Odilon Redon (1840–1916), The Battle of the Bones, c. 1881

Trois Crayons Magazine, July 2026

 

Odilon Redon (1840–1916), The Battle of the Bones, c. 1881, J. Paul Getty Museum, Los Angeles, 2024.17

Danielle Canter, Assistant Curator in the Department of Drawings at the J. Paul Getty Museum and curator of Odilon Redon: Otherworldly Visions, has kindly chosen our drawing of the month..

Charcoal and pastel with stumping and removal on tan paper, 36.5 × 45 cm (14 3/8 × 17 11/16 in.),
J. Paul Getty Museum, Los Angeles, 2024.17

Upon entering the exhibitionOdilon Redon: Otherworldly Visions, on view at the Getty from 14 July to 18 October, you are immersed in darkness. The first gallery features examples of Redon’s noirs, drawings and prints made in black media with often equally shadowy subject matter.

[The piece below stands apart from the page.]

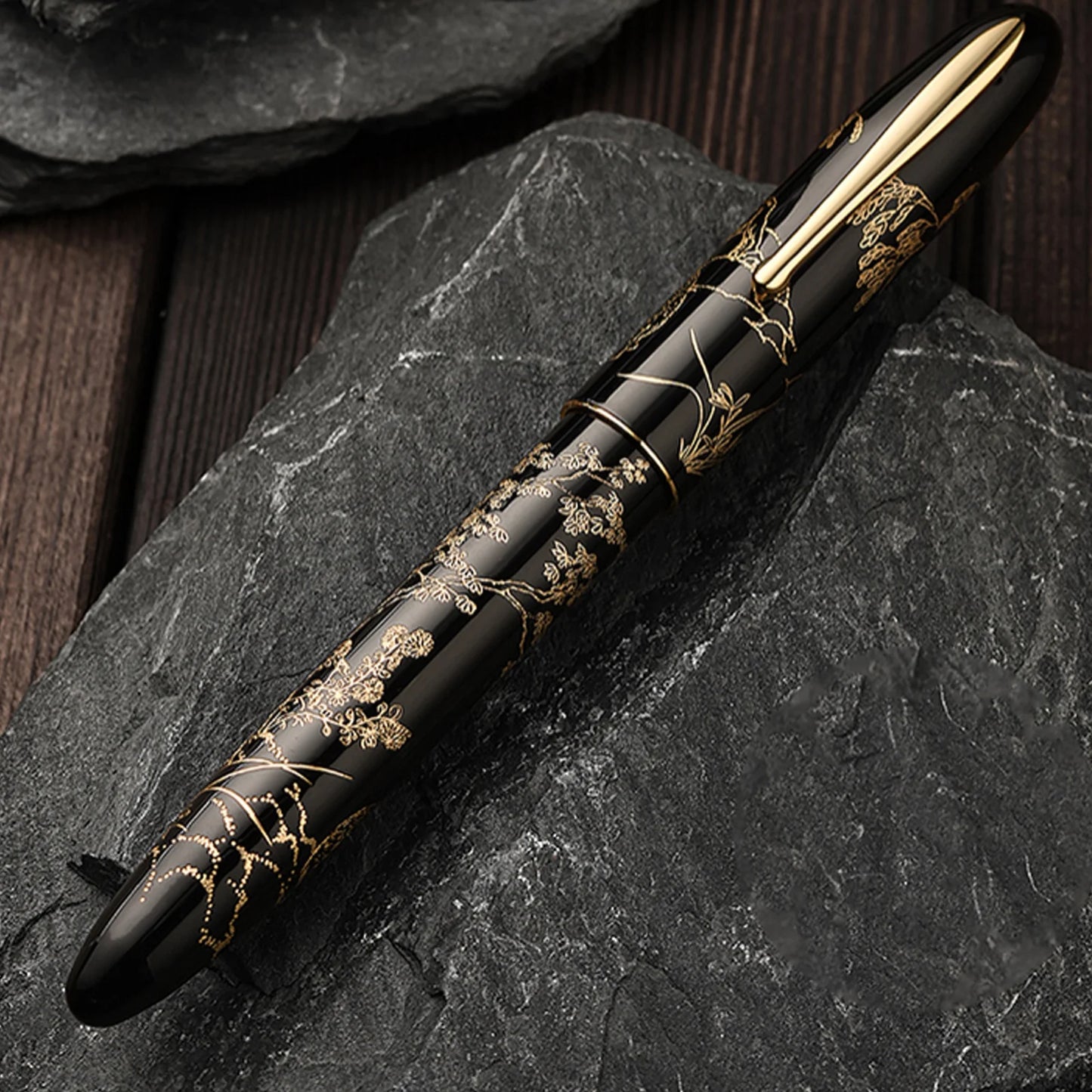 Hongdian N23 Fountain Pen – Rabbit Year Limited Edition, Gold Carving, High-End Writing Pen for Students, Business, and Office Gifts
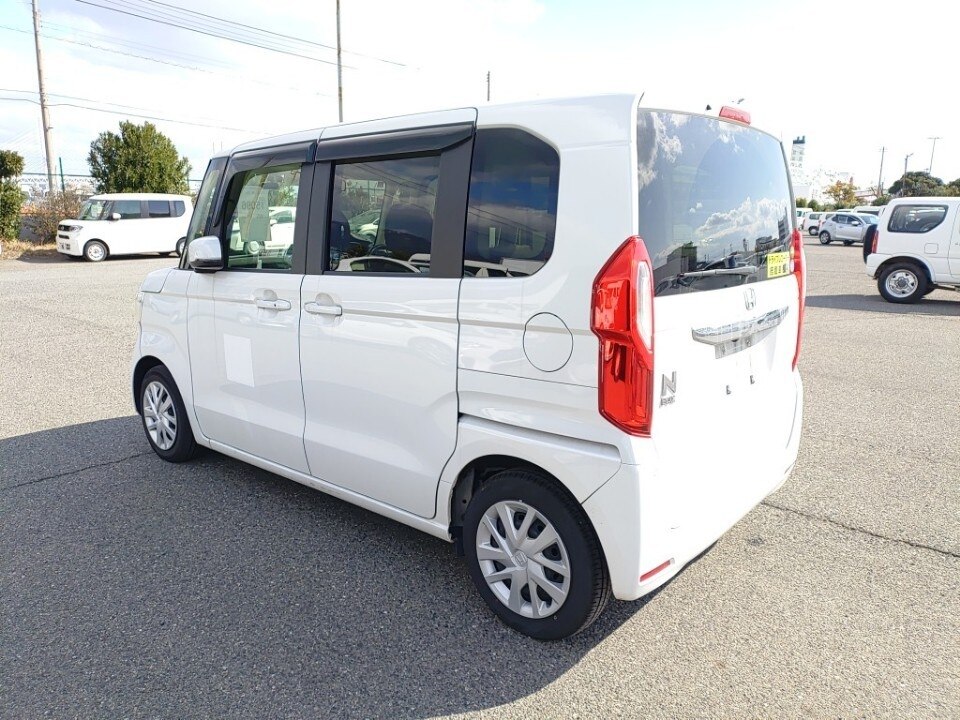 HONDA N-BOX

A highlight of the room is this study of two skeletons in the aftermath of a battle; their broken bones scattered across the foreground as they attempt to keep fighting.

Between 1870 and 1890 Redon worked almost exclusively in shades of black, establishing a distinct visual language through enigmatic imagery and highly personal symbolism. This unusual composition was inspired by a passage from Maurice Bouchor’s 1880 poem La Bataille des Os, which tells the story of two men who kill each other in a duel over a lover and, after death and burial, return to her home to continue the battle. Redon responded to the sights and sounds of Bouchor’s macabre scene: “Sometimes it was an arm that, severed from the body, fell with a crash; sometimes a half-dislocated jaw; a leg dislocated by a blow of the shovel; a broken tibia that littered the carpet.” 

Set against an opaque background of deep black charcoal, the wounded skeletons in the drawing are composed of reserves of pale tan paper rather than the addition of media. With careful application of the powdery charcoal and its selective removal, Redon fashioned the fine details of the bones from the bare sheet.

The simplicity of the composition is in sharp contrast to a related drawing in the collection of theKröller-Müller Museum, in which Redon depicted an earlier scene of the two skeletons feasting and cavorting in their former lover’s home. In the Getty drawing, Redon eschews the descriptive setting to place the figures against an ambiguous black field.

Scientific analysis conducted in the lead-up to the exhibition has unveiled a more complex story buried beneath the darkness. Scans reveal that Redon struggled to arrange the animated skeletons, shifting their positions and breaking them into pieces before covering the remains of his own bodily violence under a thick layer of charcoal. The altered composition helps to explain the row of angled red lines that mark off a strip of charcoal at the top of the sheet. Once the standing skeleton on the left was dismantled and strewn across the foreground, the expanse of black media overwhelmed the drawing. With bright red pastel, Redon indicated where the work could be trimmed or framed over to balance the weight of the scene.

The drawing was acquired by the Getty in early 2024, not long after I arrived at the museum. Fascinated by the darkly comic subject and the unusual use of the paper reserve, I delved deep into Redon literature and closely examined the other charcoal drawings and pastels in the Getty collection. This research was the foundation of the current exhibition, in which visitors can encounter Redon’s dark and fantastic world.

Odilon Redon: Otherworldly Visionsis on viewat the Getty from 14 July – 18 October 2026.